Material shown
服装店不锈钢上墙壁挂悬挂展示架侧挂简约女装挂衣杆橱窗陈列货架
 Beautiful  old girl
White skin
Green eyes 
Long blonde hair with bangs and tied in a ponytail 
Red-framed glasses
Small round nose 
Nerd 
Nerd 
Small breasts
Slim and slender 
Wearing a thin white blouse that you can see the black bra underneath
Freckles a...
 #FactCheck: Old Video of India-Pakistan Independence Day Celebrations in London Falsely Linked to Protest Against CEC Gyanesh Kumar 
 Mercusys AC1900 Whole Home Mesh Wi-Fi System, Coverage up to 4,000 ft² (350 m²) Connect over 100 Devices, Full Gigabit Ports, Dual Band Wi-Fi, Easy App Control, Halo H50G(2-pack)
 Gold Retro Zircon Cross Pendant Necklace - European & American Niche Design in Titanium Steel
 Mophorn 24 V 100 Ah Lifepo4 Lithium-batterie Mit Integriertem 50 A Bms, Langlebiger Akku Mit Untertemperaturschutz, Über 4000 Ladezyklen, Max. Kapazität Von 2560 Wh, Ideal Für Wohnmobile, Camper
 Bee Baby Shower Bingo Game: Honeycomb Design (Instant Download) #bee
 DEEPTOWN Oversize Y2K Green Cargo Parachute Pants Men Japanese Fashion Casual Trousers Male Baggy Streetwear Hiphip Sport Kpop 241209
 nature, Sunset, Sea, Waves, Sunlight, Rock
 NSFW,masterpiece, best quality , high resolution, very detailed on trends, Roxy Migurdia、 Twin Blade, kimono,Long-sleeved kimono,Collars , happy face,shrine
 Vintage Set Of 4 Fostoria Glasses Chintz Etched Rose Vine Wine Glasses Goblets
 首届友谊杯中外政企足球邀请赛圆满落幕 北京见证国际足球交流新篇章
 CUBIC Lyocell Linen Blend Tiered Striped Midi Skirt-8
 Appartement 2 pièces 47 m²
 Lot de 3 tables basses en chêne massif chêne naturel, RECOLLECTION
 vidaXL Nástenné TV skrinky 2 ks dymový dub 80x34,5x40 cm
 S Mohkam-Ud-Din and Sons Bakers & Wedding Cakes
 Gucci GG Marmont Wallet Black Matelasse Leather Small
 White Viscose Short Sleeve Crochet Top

Assignment
Please state how many lines of the material above include the word "Green"; the number is the whole answer.

Answer to this task
2